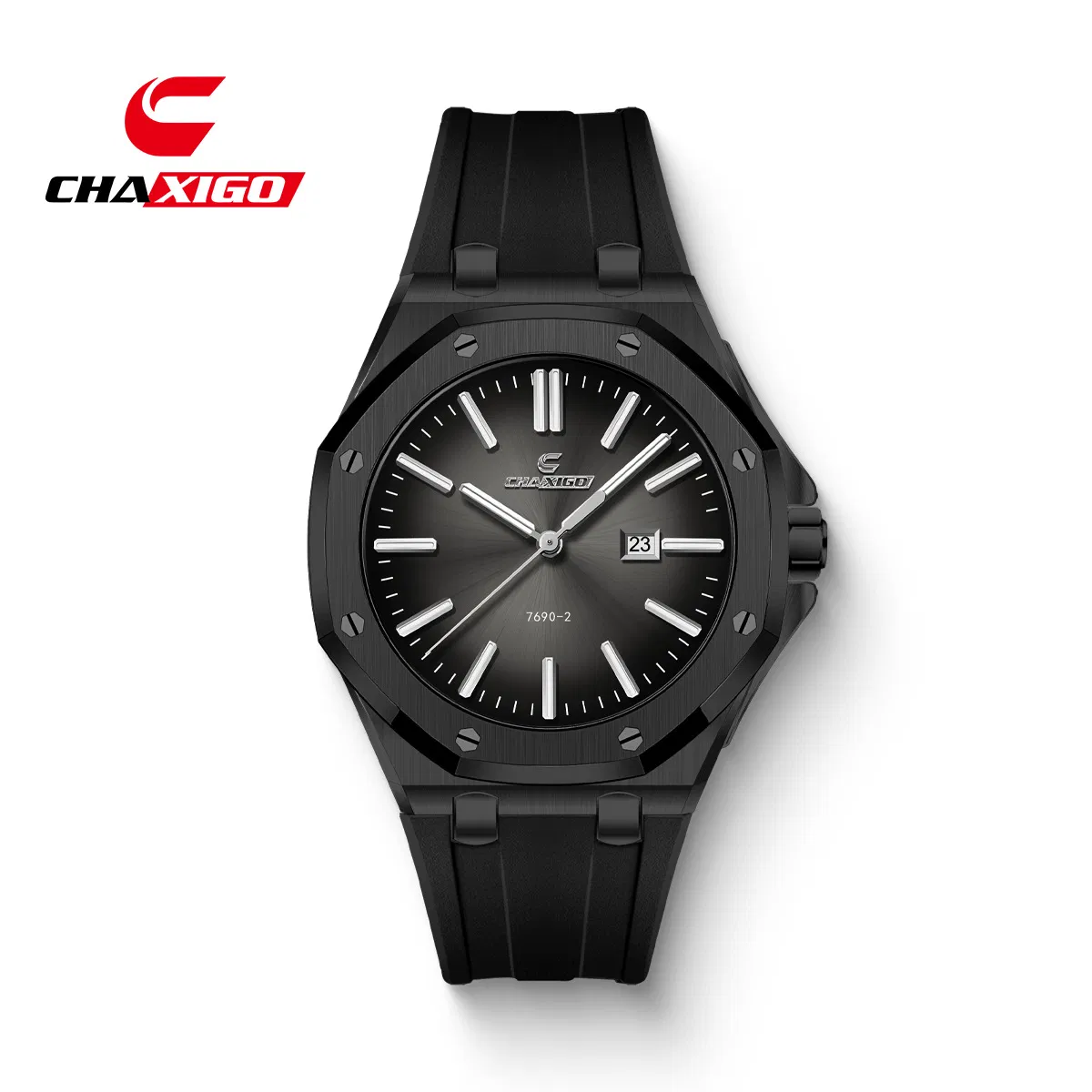 Chaxigo Classic Men's Automatic Quartz Watch Sapphire Crystal Mirror Scratch-Resistant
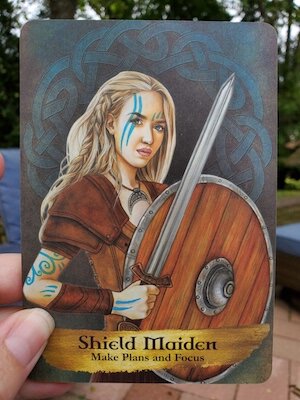 Shield Maiden, La Doncella del Escudo (Дева щита, дамочка со щитом) Shield-Maiden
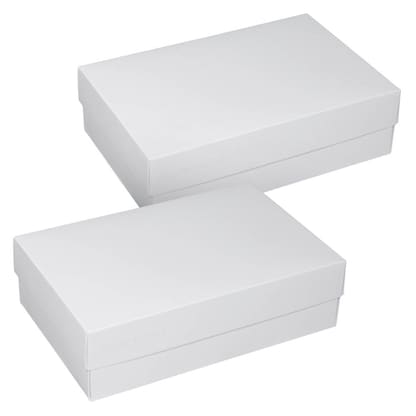Artikelbild 2 für 2 BUNTBOX L Geschenkboxen 3,6 l weiß 26,6 x 17,2 x 7,8 cm, Artikelnummer 303814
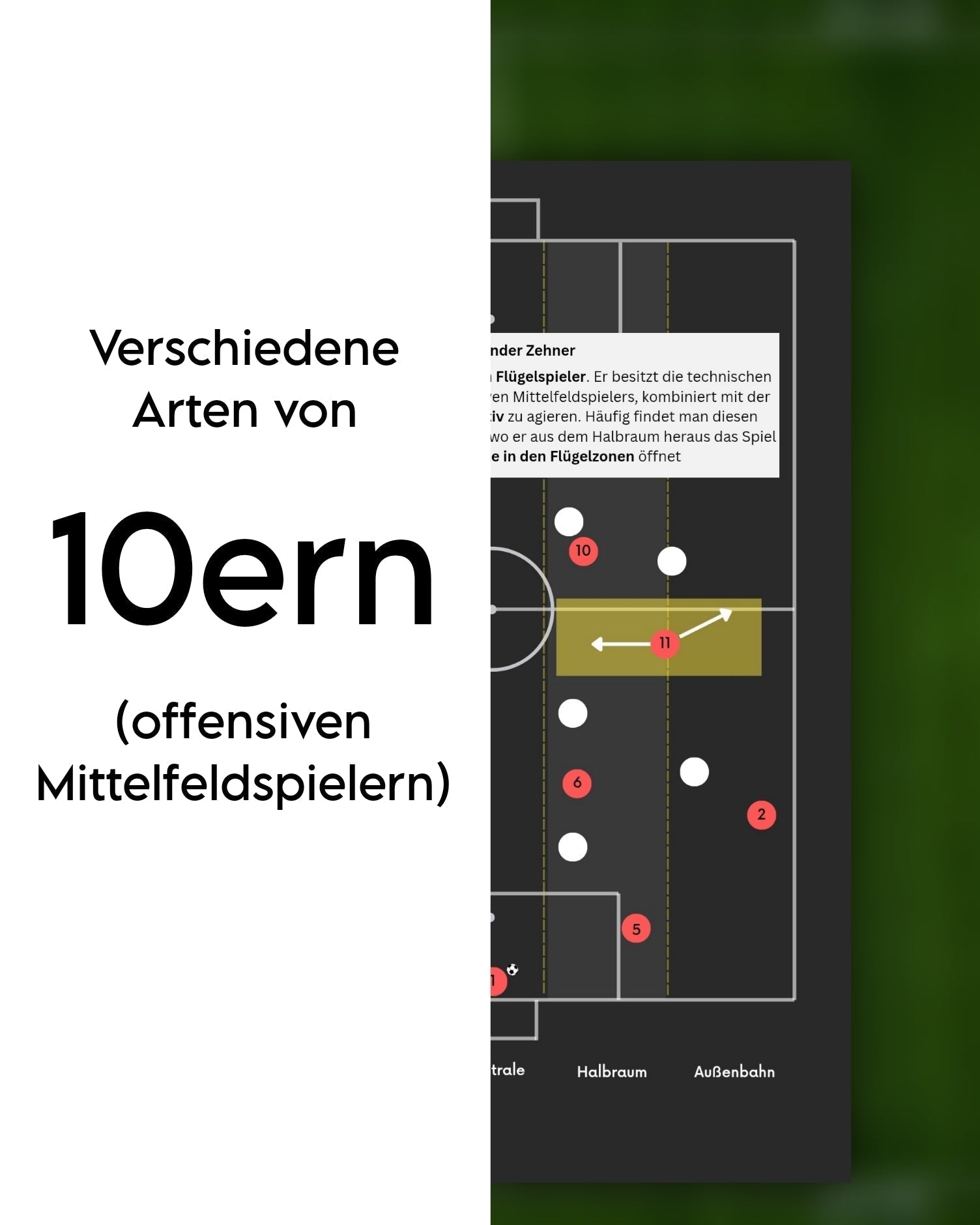 Verschiedene Arten von 10ern: Die Rollen moderner offensiver Mittelfeldspieler erklärt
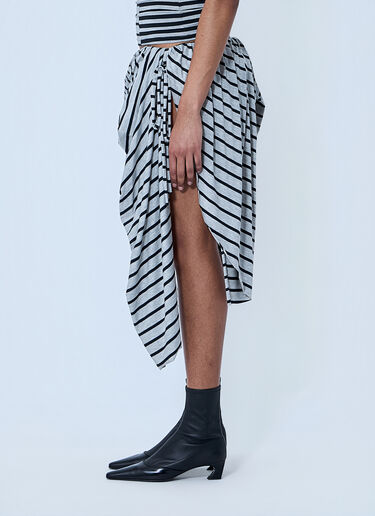 Vaquera Striped Jersey Skirt Grey vaq0264004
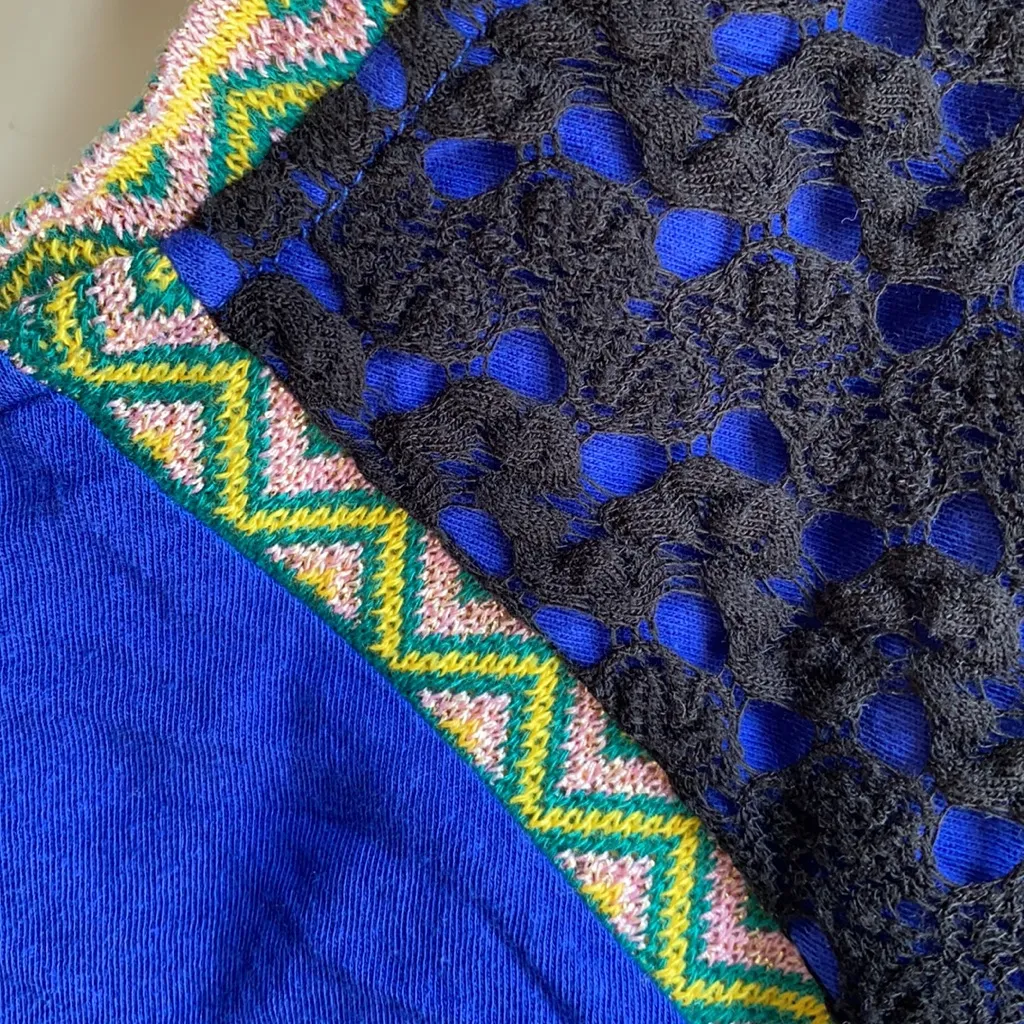 Custo Barcelona Mixed media printed cotton  shirt - Image 7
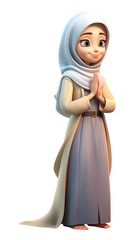 Naklejka premium PNG Figurine cartoon female adult.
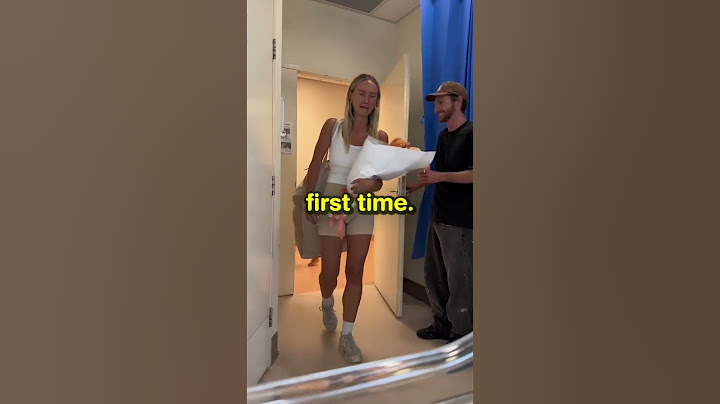 Best friend meets newborn baby 🥹❤️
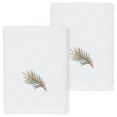 thumbnail image 2 of Linum Home Textiles 100% Turkish Cotton Pierre 2PC Embellished Washcloth Set, 2 of 3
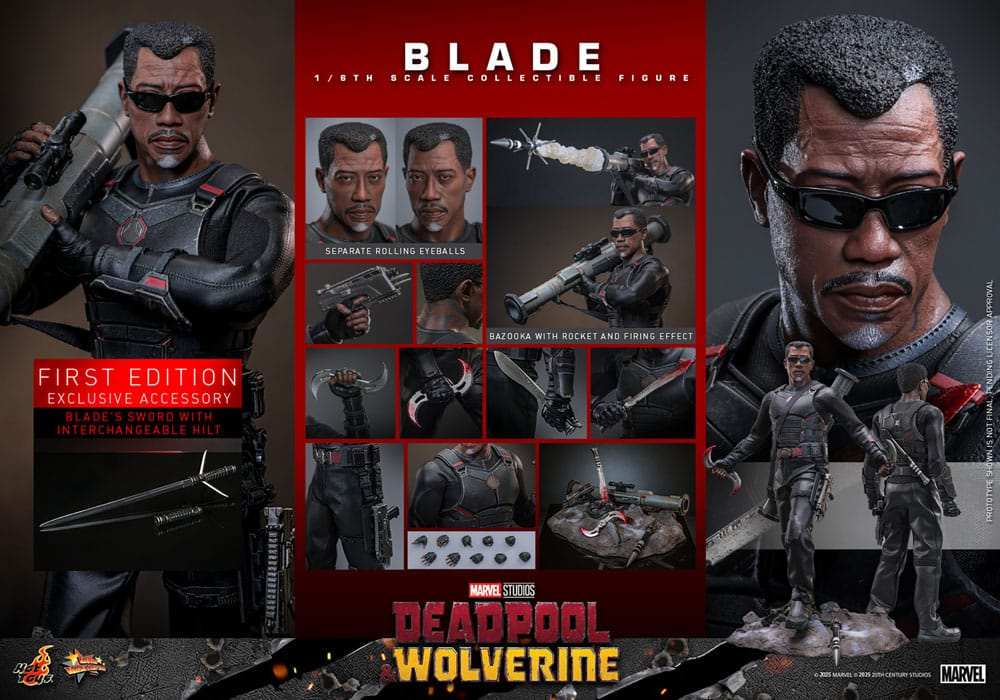 Deadpool & Wolverine Movie Masterpiece Actionfigur 1/6 Blade HOT TOYS - Smalltinytoystore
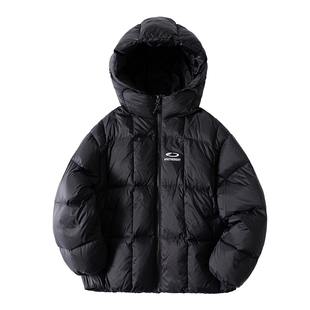 男童冬装高充绒滑雪面包羽绒服2025新款儿童男孩滑雪防寒免洗外套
^^^^
> **Directions for this task**: Retype, exactly as written, each line from the one containing "thumbnail image 2" through the end of the data above, and leave out every picture.

> **Task result**:
 thumbnail image 2 of Linum Home Textiles 100% Turkish Cotton Pierre 2PC Embellished Washcloth Set, 2 of 3
 Deadpool & Wolverine Movie Masterpiece Actionfigur 1/6 Blade HOT TOYS - Smalltinytoystore
 男童冬装高充绒滑雪面包羽绒服2025新款儿童男孩滑雪防寒免洗外套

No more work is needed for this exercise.